** Opening Exercise materials block **

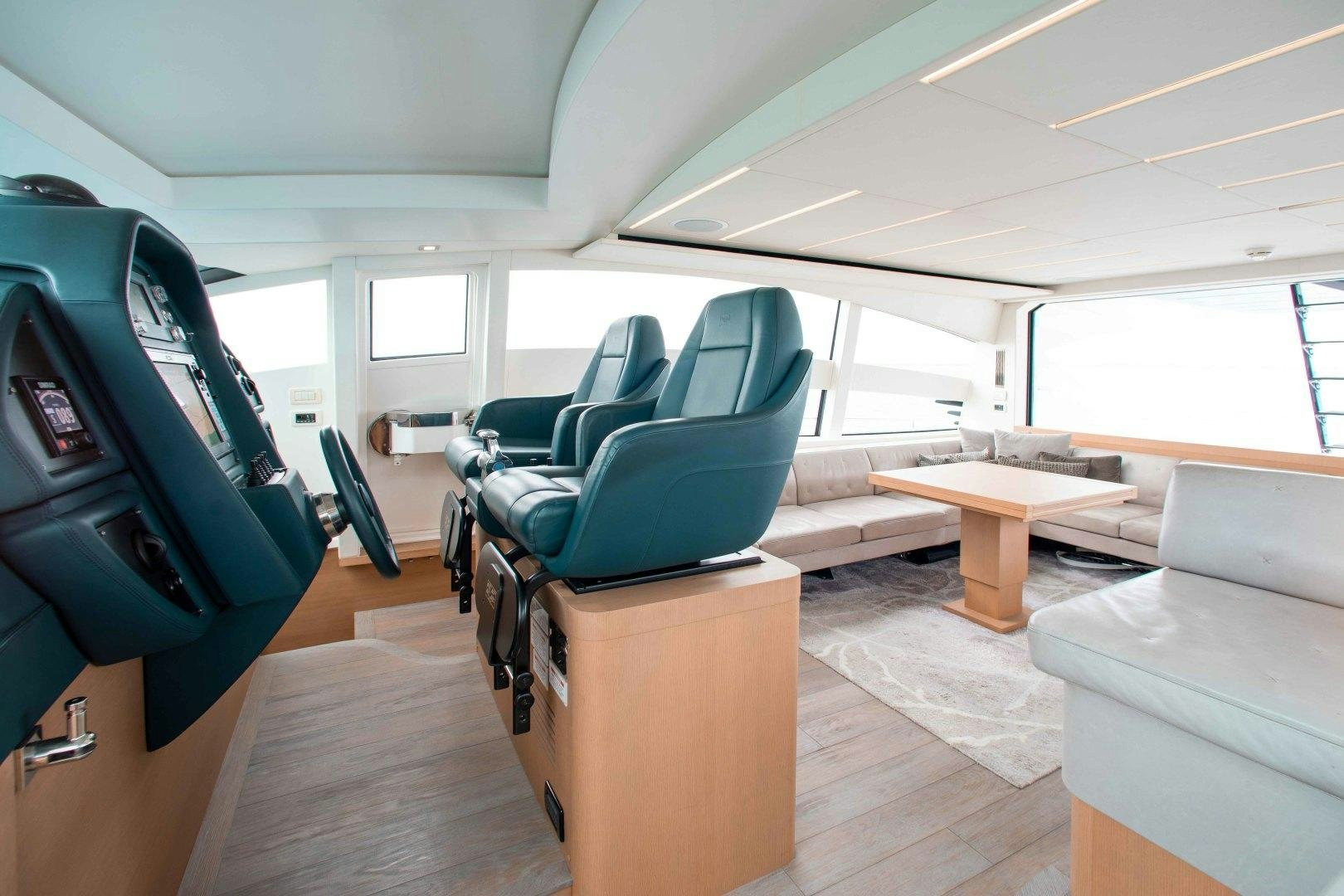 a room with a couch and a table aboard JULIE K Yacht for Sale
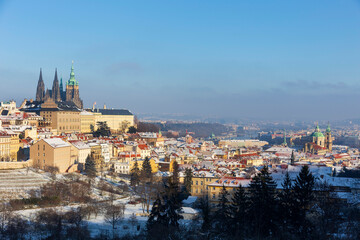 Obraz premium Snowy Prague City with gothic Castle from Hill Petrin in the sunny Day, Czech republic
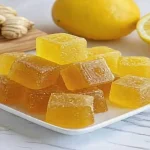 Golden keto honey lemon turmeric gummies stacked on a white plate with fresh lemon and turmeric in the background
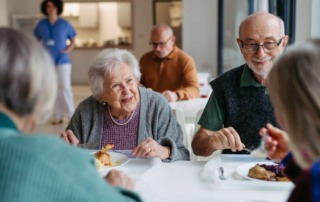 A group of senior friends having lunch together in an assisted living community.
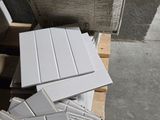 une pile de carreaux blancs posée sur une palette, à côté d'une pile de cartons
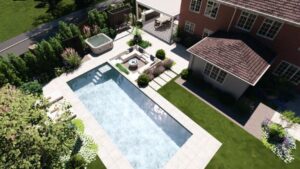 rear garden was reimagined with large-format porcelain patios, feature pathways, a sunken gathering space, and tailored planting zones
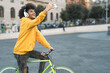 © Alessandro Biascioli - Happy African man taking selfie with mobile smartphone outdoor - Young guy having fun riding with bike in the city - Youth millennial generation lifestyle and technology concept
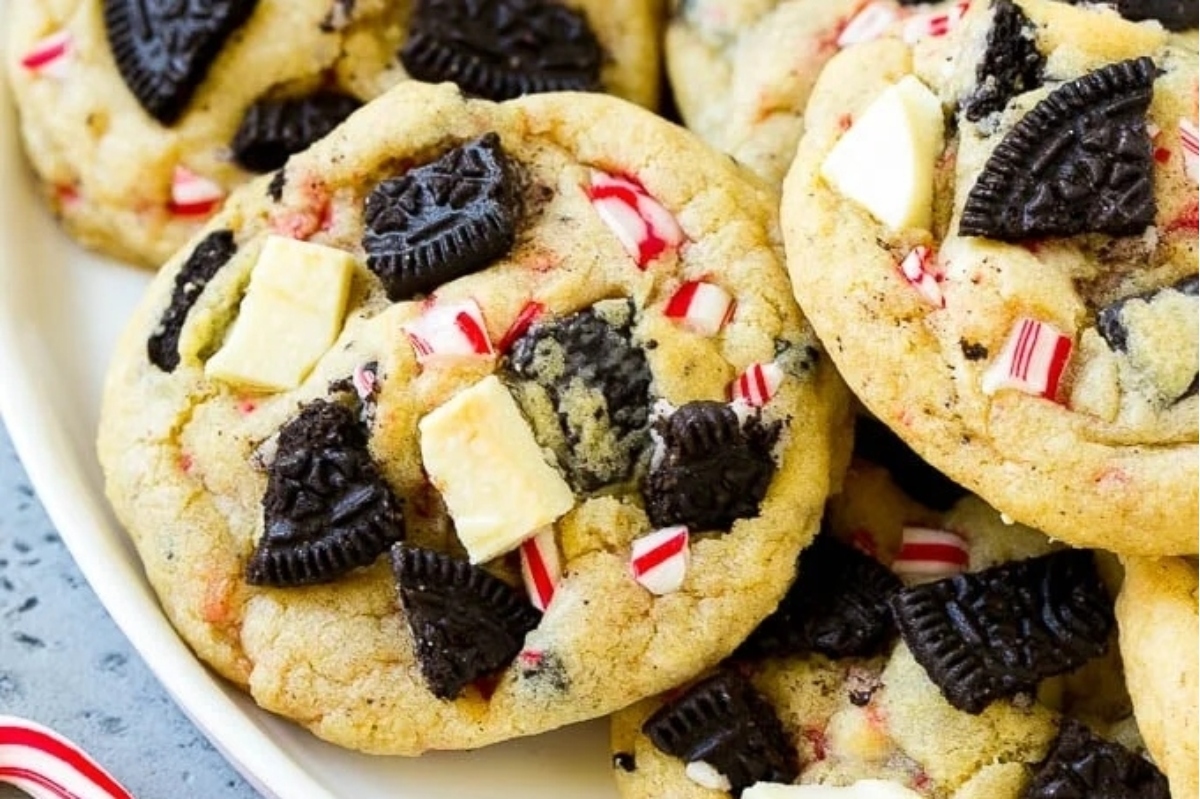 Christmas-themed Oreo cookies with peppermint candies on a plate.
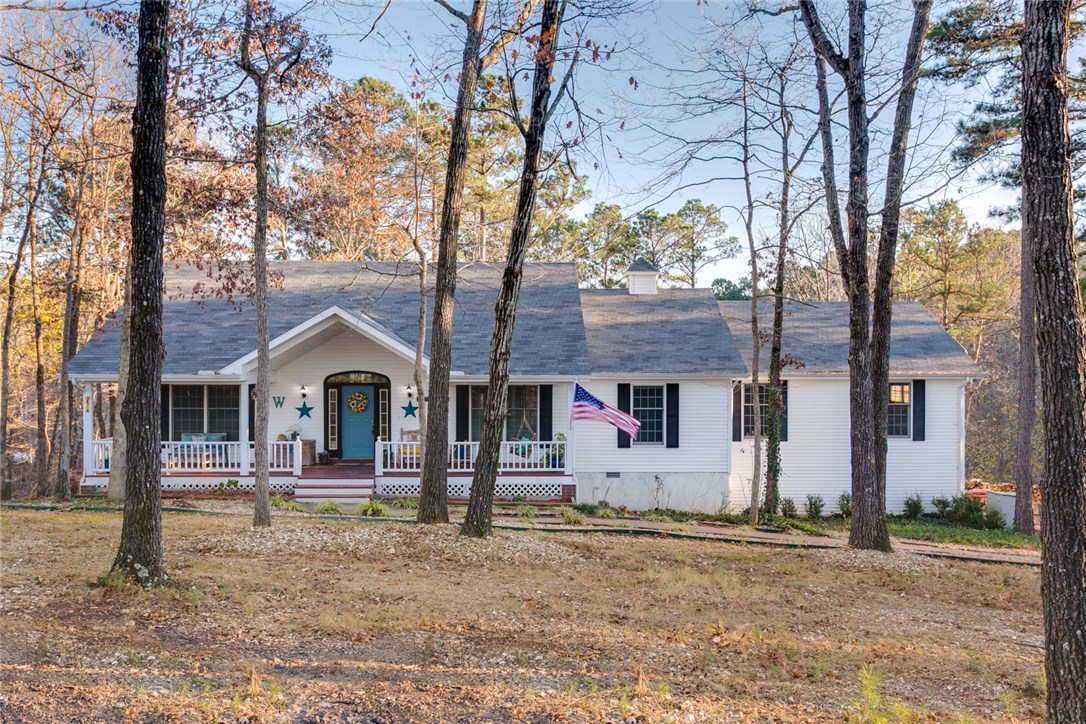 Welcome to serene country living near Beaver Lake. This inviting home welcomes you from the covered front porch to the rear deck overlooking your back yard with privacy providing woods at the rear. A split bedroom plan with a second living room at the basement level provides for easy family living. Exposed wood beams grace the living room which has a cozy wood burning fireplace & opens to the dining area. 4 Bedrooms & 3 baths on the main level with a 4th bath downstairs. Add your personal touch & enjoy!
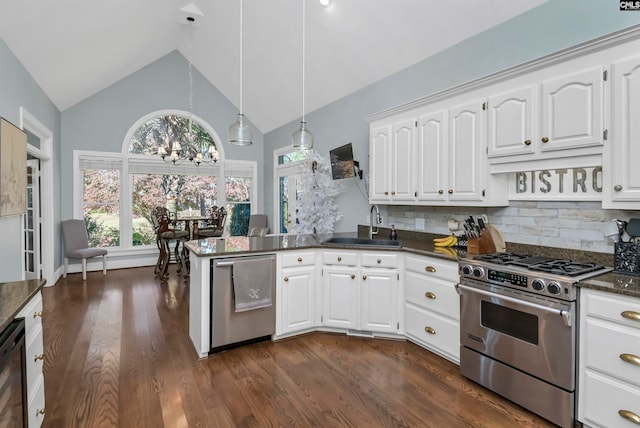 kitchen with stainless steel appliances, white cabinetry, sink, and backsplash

** Closing Exercise materials block **

**Work to be completed**
Output the material word for word, omitting its pictures.

**Result of this task**
 a room with a couch and a table aboard JULIE K Yacht for Sale
 Obraz premium Snowy Prague City with gothic Castle from Hill Petrin in the sunny Day, Czech republic
 Golden keto honey lemon turmeric gummies stacked on a white plate with fresh lemon and turmeric in the background
 A group of senior friends having lunch together in an assisted living community.
 une pile de carreaux blancs posée sur une palette, à côté d'une pile de cartons
 rear garden was reimagined with large-format porcelain patios, feature pathways, a sunken gathering space, and tailored planting zones
 © Alessandro Biascioli - Happy African man taking selfie with mobile smartphone outdoor - Young guy having fun riding with bike in the city - Youth millennial generation lifestyle and technology concept
 Christmas-themed Oreo cookies with peppermint candies on a plate.
 Welcome to serene country living near Beaver Lake. This inviting home welcomes you from the covered front porch to the rear deck overlooking your back yard with privacy providing woods at the rear. A split bedroom plan with a second living room at the basement level provides for easy family living. Exposed wood beams grace the living room which has a cozy wood burning fireplace & opens to the dining area. 4 Bedrooms & 3 baths on the main level with a 4th bath downstairs. Add your personal touch & enjoy!
 kitchen with stainless steel appliances, white cabinetry, sink, and backsplash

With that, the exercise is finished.